I was recently listening to a podcast called Freakonomics Radio (highly recommended). The episode I was listening to talked about how to become great at anything. The host Stephen Dubner referenced the Malcolm Gladwell's Rule that it takes 10,000 hours to become great at something. Stephen and his guests talked about Gladwell's Rule and talent and the relation between the two.

 

After listening to the episode a few times 2 things always came to the forefront for me. I realized that in order to be successful or great you need these two things.

 

The Magic Bullet: Practice

Gladwell's 10,000 hour rule says it takes 10,000 hours of focus and practice in order to become great at something. To put this into perspective it would take about 4.8 years if someone worked 40 hours a week to become great at something. This assumes that for every second someone is working those 40 hours a week they are working at one specific topic or area. A bit unrealistic to think that every second someone is at work for almost 5 years they are heads down working but it gets the point across. It takes a long time.

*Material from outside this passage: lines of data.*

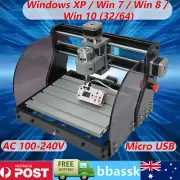 3 Axis CNC 3018 Pro Wood Router Small Engraver Kit DIY Mini Milling Machine USB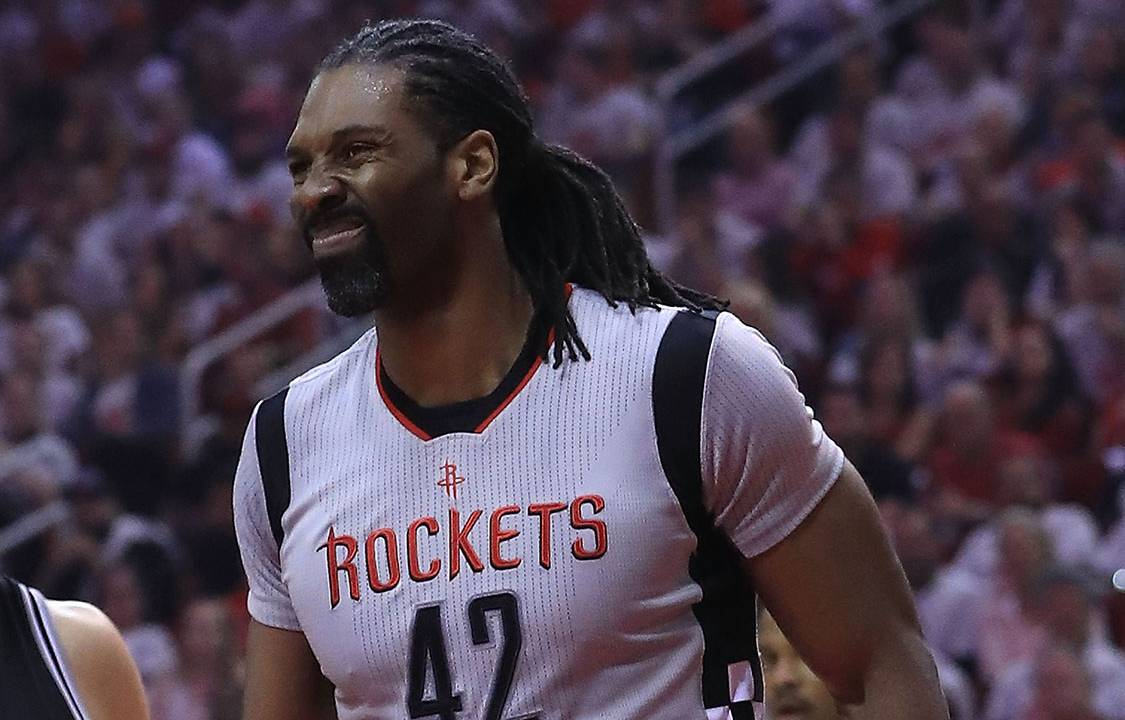 Nene Hilário, jogador do Houston Rockets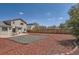 Large backyard with plenty of room for entertaining and gardening at 20336 E 48Th Dr, Denver, CO 80249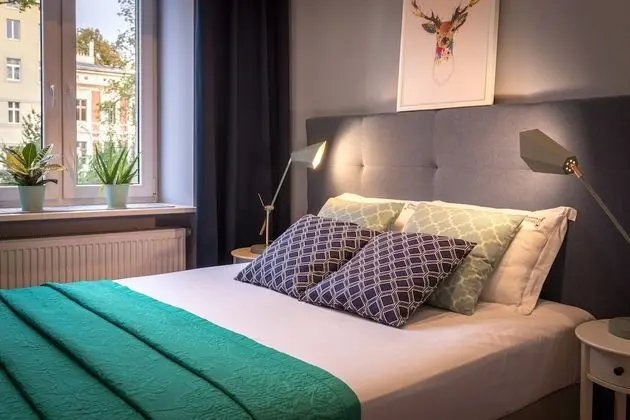 Design Apart Daire, 2 Yatak Odası, Sigara İçilmez, Balkon (Jungle, Sarego 28 Street)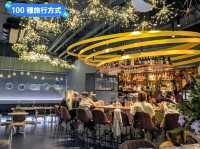 台北東區最時尚的網美酒吧：Cosmic Bistro 小宇宙餐酒館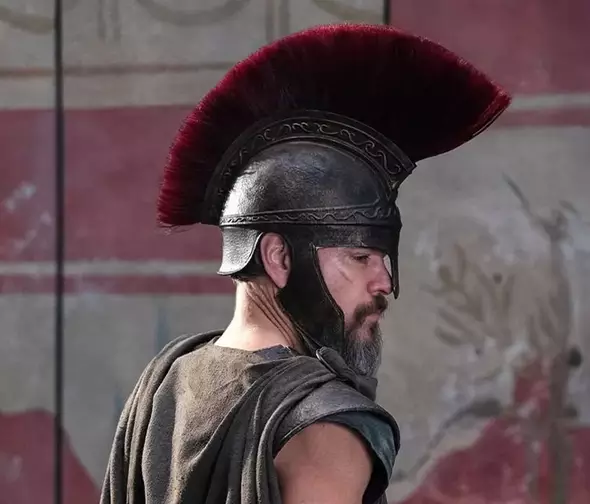 Matt Damon em A Odisseia (Reprodução)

I partially agree with Gladwell's rule. I don't think a specific number can be put on how much time it takes to be great at something. I do however agree with the premise behind the rule. It takes hours and hours of practice to possibly be great at something. Nothing is guaranteed but without practice it'll be near impossible to achieve.

 

How The Bullet Is Fired: Environment

The actor Will Smith did an interview on his personal keys to success. In a part of the interview he said "If I get on a treadmill with someone then one of two things is going to happen. The other person is getting off first or I'm gonna die." What Smith is doing is expressing that he will not be outworked. What you might not see is Smith puts himself in a place where people will push him. People that are better than him will force him to push himself and become great. The environment in which someone puts themselves will do 2 things: It will make the person quit or it will push them to be successful. It is always important to remember that the people who are around you pushing you to take that next step are just as important as the practice you put in.

 

 

 

Note: I am aware of the Princeton study that was done that claims to disprove Gladwell's rule. I just wanted to explore the 10,000 hour rule in this article and the underlying meaning behind it.